Ich bin Ende des Monats oben...werde berichten!

TL Silver


----------



## silver68 (18. Oktober 2018)

dat läuft ja wieder hier
Um Gottes Willen...is ja Schonzeit...da traut sich wieder keiner...obwohl genug unterwegs sind...aber is ja verpöhnt...könnte ja geläster geben...


----------



## Mefo-Schneider (19. Oktober 2018)

Tja entweder ist dein tread untermassig, oder alle sind hinter dem Silber her? 

Petri Heil


----------



## silver68 (20. Oktober 2018)

Mefo-Schneider schrieb:


> Tja entweder ist dein tread untermassig, oder alle sind hinter dem Silber her?
> 
> Petri Heil


Tja, sind wohl alle an der Front

Viel Petri für alle


----------



## Dennis76 (29. Oktober 2018)

Morgen geht es wieder auf die Insel Mal schauen ob sich der eine oder andere Silberbarren heben lässt.


----------



## silver68 (30. Oktober 2018)

Dennis76 schrieb:


> Morgen geht es wieder auf die Insel Mal schauen ob sich der eine oder andere Silberbarren heben lässt.
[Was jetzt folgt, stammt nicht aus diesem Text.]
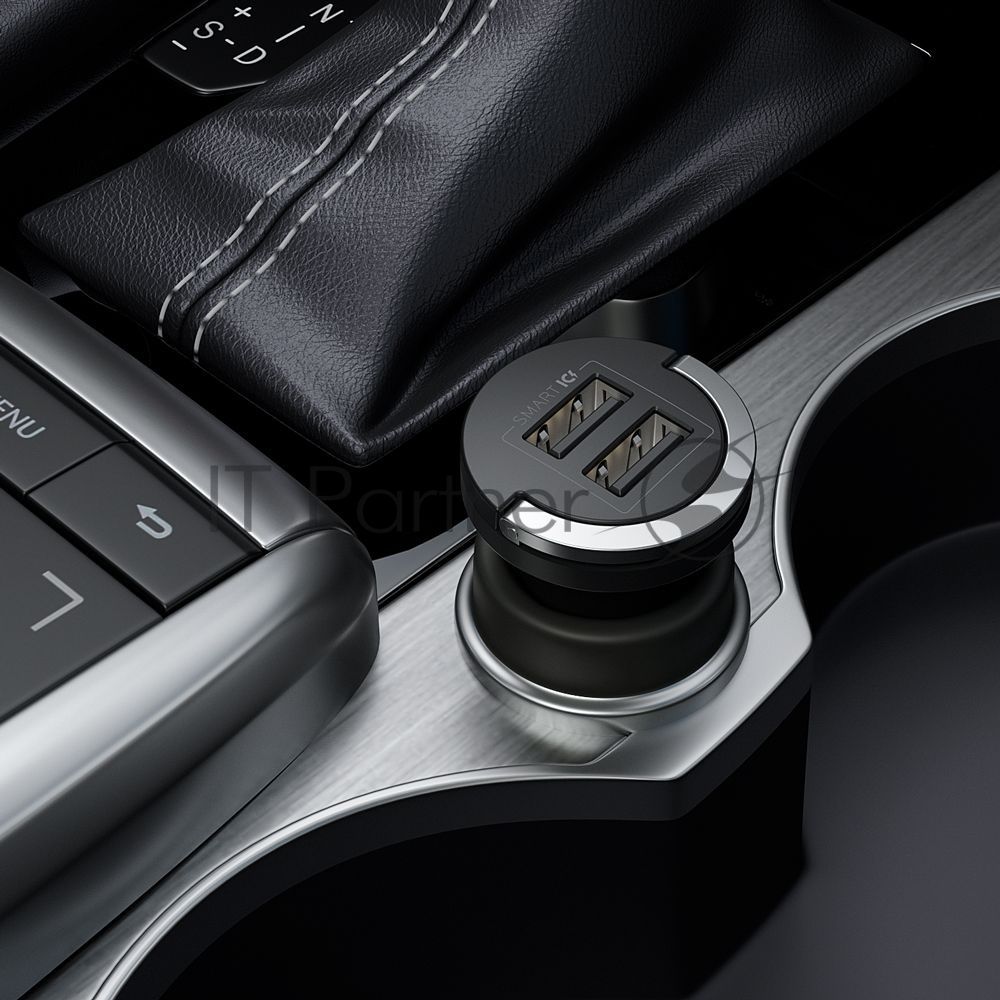 Автомобильное зарядное устройство DEPPA 11204,  2xUSB,  2100мА, черный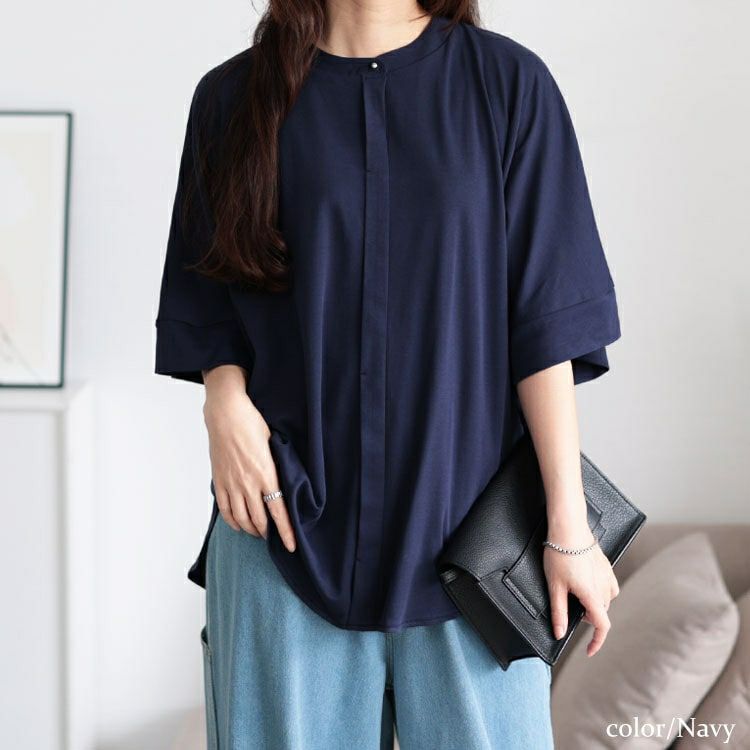 大きいサイズ レディース 接触冷感バンドカラードルマンプルオーバー　mncut-152467【メール便可】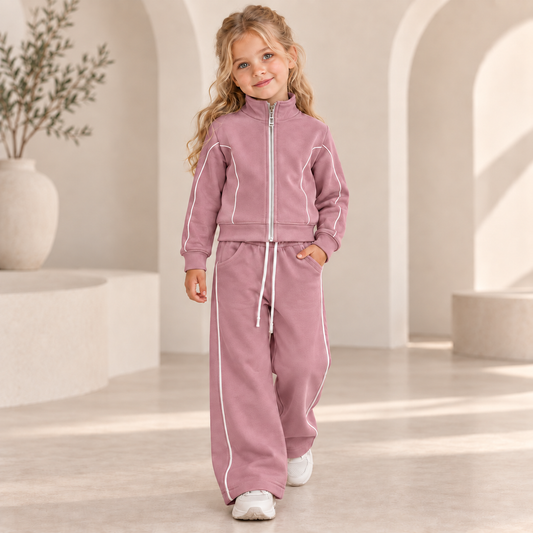 Girls Warm Pink Tracksuit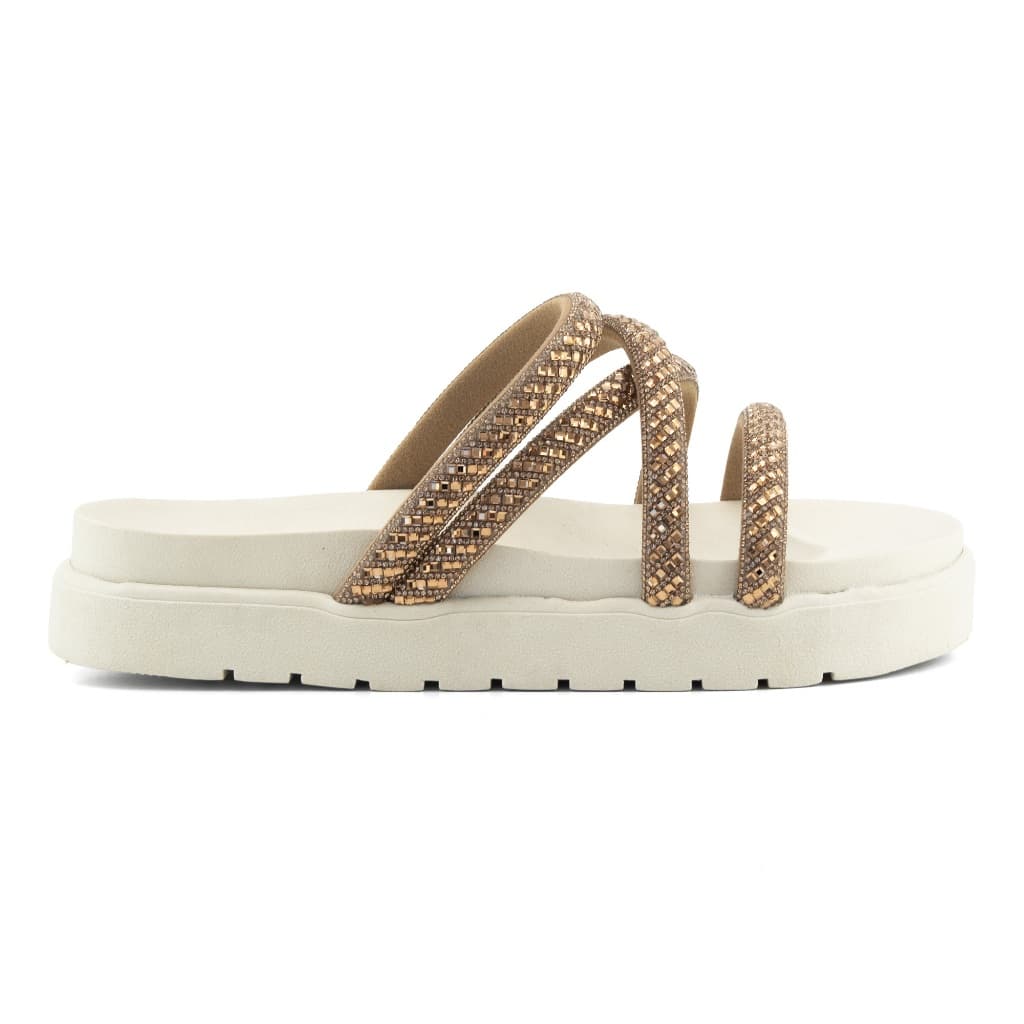 Sandália Feminina Papete Flat Birken Leve Brilho Macia Confortavel Slide Brilhante Estilosa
Und wie war der erste Tag?


----------



## silver68 (31. Oktober 2018)

Heute Katharinenhof und Marienleuchte
...geschneidert


----------



## zulu1024 (31. Oktober 2018)

Du warst auf der falschen seite... Ich hatte heute eine ü65er und eine ü55 aus der braunen Brandung. Genau gemessen habe ich nicht, da sie gefärbt waren und gleich wieder weiter ziehen durften. Die Färbung war noch nicht sonderlich ausgeprägt. Dieses Frühjahr sind sie auch ziemlich spät abgestiegen, durch den Kälteeinbruch vor Ostern... Jedenfalls habe ich die Jahre davor zum Vergleich schon stark gefärbtere Fische anfang September gefangen. Also alles bisschen spät dieses Jahr. 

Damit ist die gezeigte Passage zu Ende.